====== Data listing ======
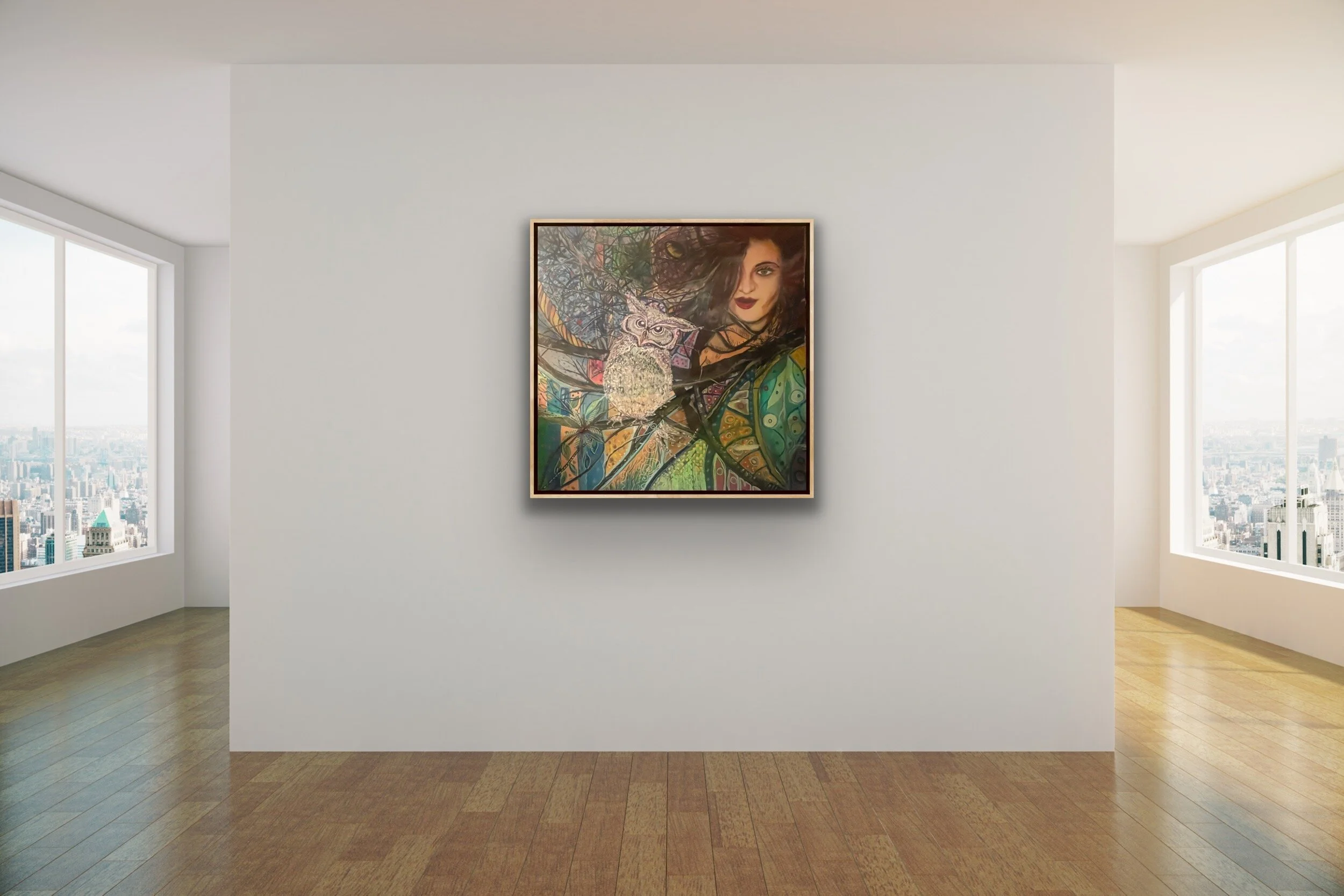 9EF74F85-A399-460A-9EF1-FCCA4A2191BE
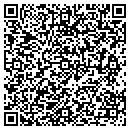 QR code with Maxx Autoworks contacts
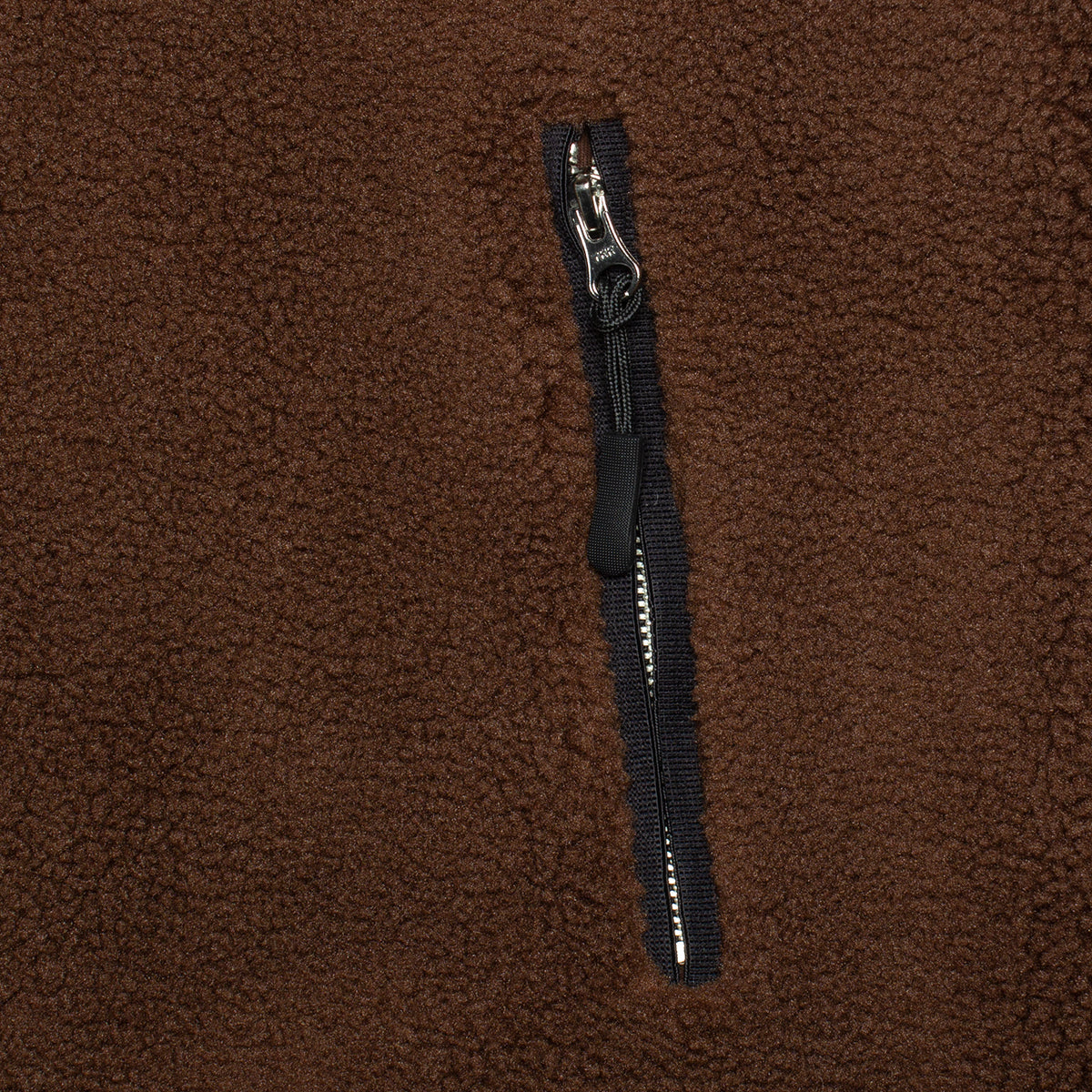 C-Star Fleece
======
====== Data listing ======
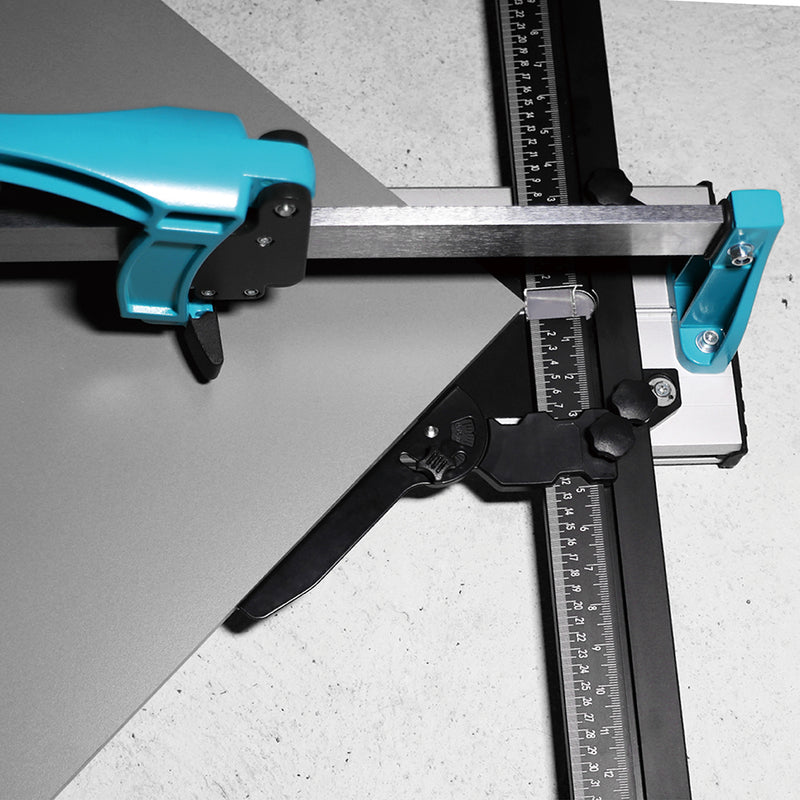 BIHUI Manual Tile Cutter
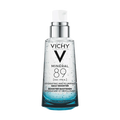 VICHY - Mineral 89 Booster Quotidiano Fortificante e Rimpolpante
======
====== Data listing ======
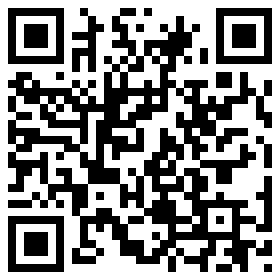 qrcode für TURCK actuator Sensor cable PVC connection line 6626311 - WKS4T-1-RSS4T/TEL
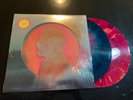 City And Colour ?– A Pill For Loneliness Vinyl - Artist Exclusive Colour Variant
======
> Aim of the task:
Your answer should consist of the lines above between those holding "BIHUI Manual Tile Cutter" and "VICHY - Mineral", inclusive, reproduced word for word and without pictures.

> Answer:
 BIHUI Manual Tile Cutter
 VICHY - Mineral 89 Booster Quotidiano Fortificante e Rimpolpante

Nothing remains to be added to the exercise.